Die Animositäten zwischen Pilz und Glawischnig sind Legende. Pilz hatte einen „linken Populismus“gefordert, Glawischnig war von seinen Alleingängen zunehmend genervt. Vor allem in der Migrationsfrage drifteten die Standpunkte auseinander. Unter dem Führungsduo Ulrike Lunacek/Ingrid Felipe wurde das Verhältnis nicht besser und Pilz auf dem Bundeskongress von der Basis abgewählt.

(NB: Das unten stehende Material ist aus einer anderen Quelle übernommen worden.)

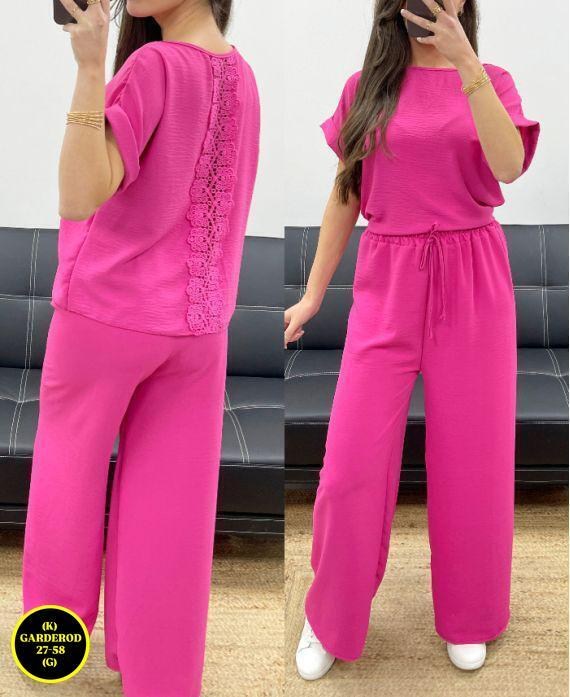 костюм женский летний брючный,костюм женский двойка с брюками,костюм с брюками,шифоновый брючный костюм,женский костюм двойка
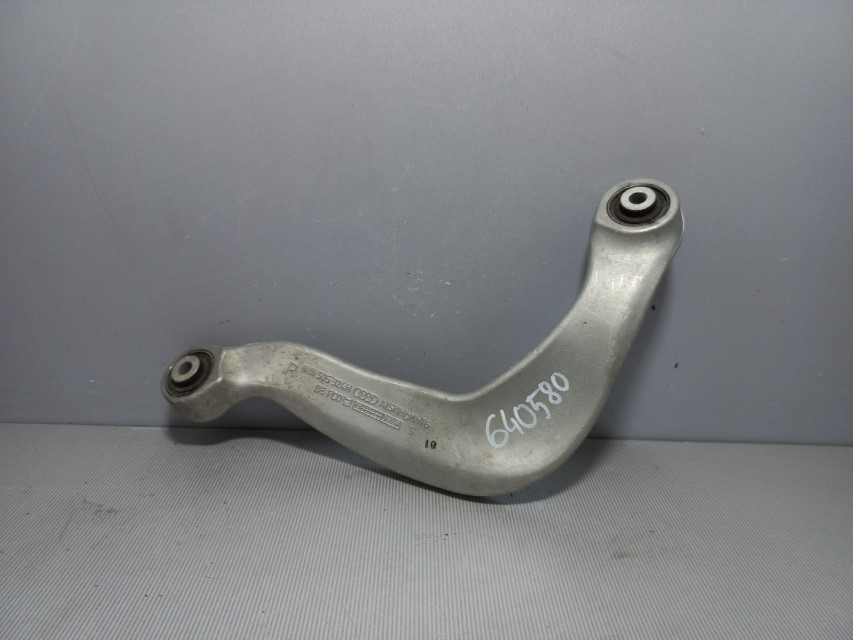 DIJELOVI RAME AUDI A4 (B8) > 12-15 8K0505324H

Die Grünen reagierten mit einer gewissen Verbitterung. Die Konkurrenz durch ihren bisher wohl prominentesten Mandatar kommt in einer intern sehr schwierigen Situation, außerdem herrscht nach dem fast einjährigen Hofburgwahlkampf Ebbe in der Parteikassa. Kommentar der grünen Spitzenkandidatin Ulrike Lunacek: Pilz habe endgültig einen Schlussstrich unter einen länger andauernden „Entfremdungsprozess“gezogen, der „besonders in Menschenrechtsfragen sichtbar wurde“. Und weiter: „Peter Pilz ist und bleibt ein Solotänzer, der das Rampenlicht liebt.“Angesichts der Personen auf der Liste Pilz seien inhaltliche Konflikte programmiert. Lunacek, die Pilz nach seiner Abwahl angeboten hatte, einen Vorzugsstimmen-Wahlkampf zu finanzieren, weint ihm aber keine Träne mehr nach: „Er ist jetzt ein politischer Mitbewerber wie jeder andere.“Der Kärntner Grünen-Landesrat Rolf Holub nannte Pilz gar in einem Atemzug mit dem letztlich glücklosen Politikeinsteiger Frank Stronach: „Der Stronach war, jetzt kommt der Pilz.“
Auf klassische Wahlwerbung will Pilz verzichten, nicht nur aus Geldmangel. Seine Liste will er ausschließlich aus Spenden finanzieren. Und die Parteifarbe? Transparent. Sollte das nicht darstellbar sein, sei auch weiß okay, sagte Pilz. Weiß gab es bereits 2009, als EUMandatar Hans Peter Martin (vormals für die SPÖ im Rennen) bei der EU-Wahl antrat. Übrigens auch als One-Man-Show.